Last fall, a report by the Center for American Progress received significant media attention and raised awareness of an important concept regarding equity for U.S. children: the child care desert. A child care desert refers to an area with no or limited availability of child care centers for young children. The report sparked public conversation about the issue of geographic access to child care. Yet supply of child care centers and geographic location are just two of many elements in the complex issue of access to early care and education.

To address problems with access to child care, those working on the issue need a common definition of access. Providing access isn’t as simple as ensuring that every child has a spot. It’s an issue with multiple dimensions and barriers to consider.

Child Trends’ recent report on child care access is a tool researchers and policymakers can use to identify and assess the multiple dimensions of access. The report includes a definition of access taking families into account: access to early care and education (ECE) is “when parents, with reasonable effort and affordability, can enroll their child in an arrangement that supports the child’s development and meets the parents’ needs.

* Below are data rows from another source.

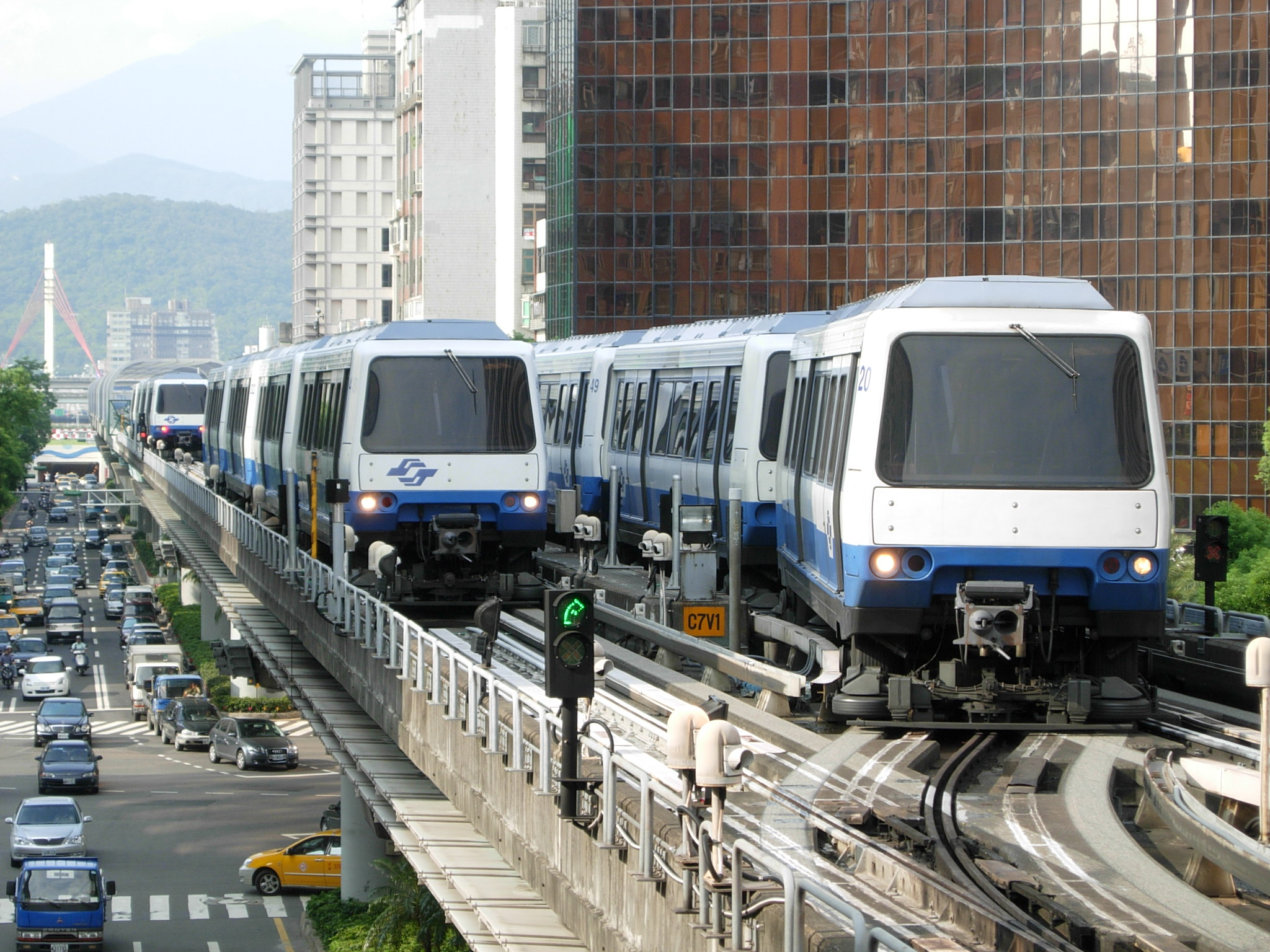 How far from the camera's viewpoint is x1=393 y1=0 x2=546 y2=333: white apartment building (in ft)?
372

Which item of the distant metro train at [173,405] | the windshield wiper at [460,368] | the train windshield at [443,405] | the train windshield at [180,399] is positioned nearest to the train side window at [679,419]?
the train windshield at [443,405]

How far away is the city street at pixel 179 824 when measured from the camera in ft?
124

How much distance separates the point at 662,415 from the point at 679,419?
32.5 inches

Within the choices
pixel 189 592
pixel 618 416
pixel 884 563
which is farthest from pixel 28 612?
pixel 884 563

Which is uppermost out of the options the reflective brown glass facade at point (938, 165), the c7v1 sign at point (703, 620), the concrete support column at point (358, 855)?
the reflective brown glass facade at point (938, 165)

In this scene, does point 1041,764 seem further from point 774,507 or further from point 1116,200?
point 1116,200

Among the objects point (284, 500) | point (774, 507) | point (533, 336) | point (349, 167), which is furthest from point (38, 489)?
point (774, 507)

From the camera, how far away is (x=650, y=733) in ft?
42.2

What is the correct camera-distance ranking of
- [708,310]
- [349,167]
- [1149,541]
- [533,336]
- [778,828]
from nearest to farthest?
1. [778,828]
2. [1149,541]
3. [708,310]
4. [533,336]
5. [349,167]

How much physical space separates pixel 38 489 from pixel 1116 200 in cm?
14017

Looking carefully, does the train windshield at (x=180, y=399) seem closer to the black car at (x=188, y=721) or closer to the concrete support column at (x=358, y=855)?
the black car at (x=188, y=721)

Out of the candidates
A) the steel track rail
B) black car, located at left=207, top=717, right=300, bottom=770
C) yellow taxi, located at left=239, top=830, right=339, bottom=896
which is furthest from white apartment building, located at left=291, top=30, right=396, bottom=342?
the steel track rail

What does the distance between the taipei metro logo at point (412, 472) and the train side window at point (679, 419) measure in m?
3.24

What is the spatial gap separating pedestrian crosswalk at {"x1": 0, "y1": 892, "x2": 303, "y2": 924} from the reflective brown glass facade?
48.4 metres
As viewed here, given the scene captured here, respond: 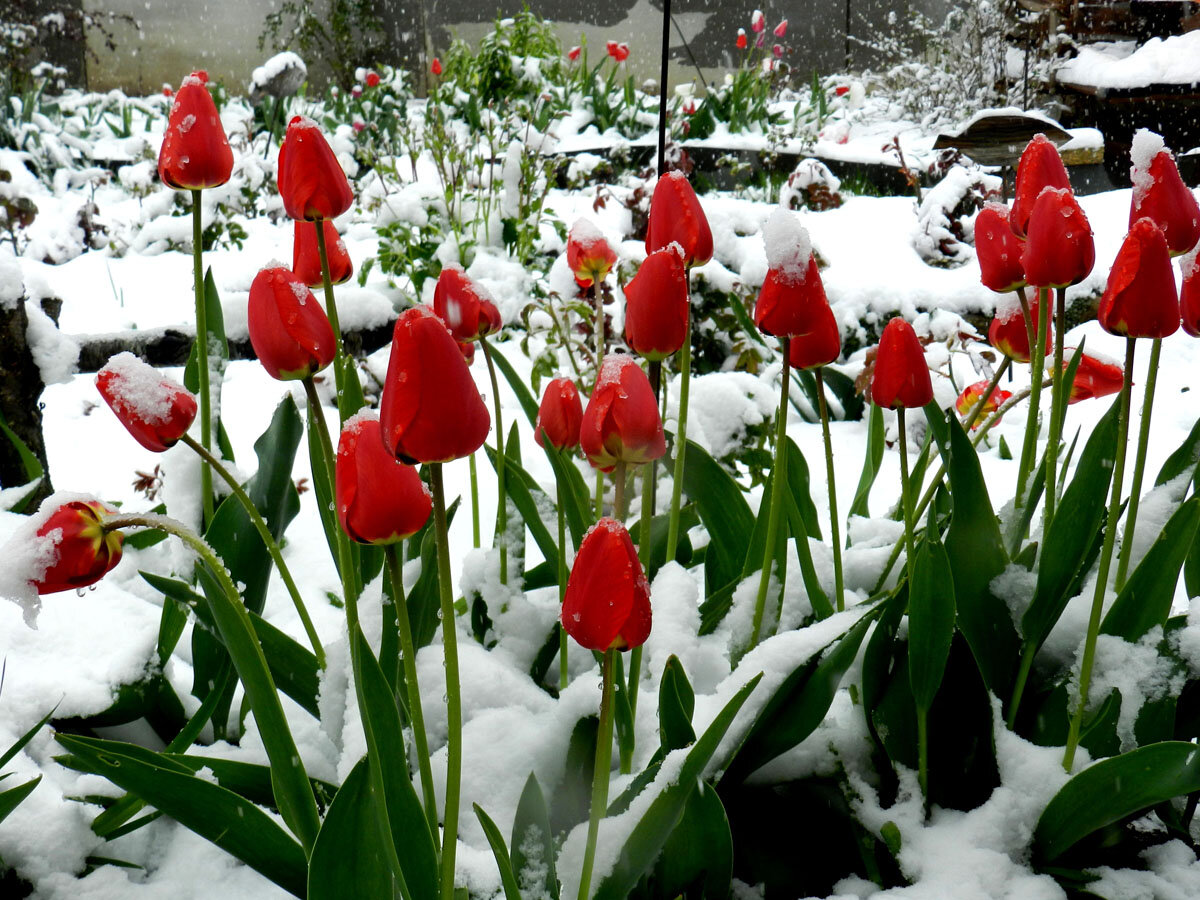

A family-based perspective addresses four dimensions of ECE access:

  1. Reasonable effort (i.e., the level of effort a family needs to exert to learn about and enroll in ECE): This dimension includes measurable indicators such as geographical location, supply of ECE programs, and availability of information about ECE programs.
  2. Affordability: This refers to indicators such as parents’ financial contribution, subsidies and scholarships, advertised price (i.e., the price families are told they will need to pay, before considering financial supports such as subsidies), and programs’ expenses for providing ECE.
  3. Supporting the child’s development: This dimension includes indicators such as quality designations (e.g., state QRIS ratings), specialized services, language of instruction, and stability of ECE.
  4. Meeting the parents’ needs: This includes parents’ preferred type of program, availability of transportation, and hours of operation.

The Access Guidebook provides a detailed approach to measuring the indicators of access, including examples of data sources and research questions. This data is necessary to identify and address child care shortages and address other issues. For example, researchers and policymakers can focus on immigrant families by examining how many programs at each quality level offer child care services in a language other than English. They can focus on low-income families by examining what percentage of ECE programs that are eligible to receive subsidies serve at least one subsidy-receiving child.

Access to child care is a complex issue and its definition is being refined. However, recent research has improved our understanding of this issue, enabling researchers and policymakers to better measure and address barriers to access to high-quality care for the children and families who need it most.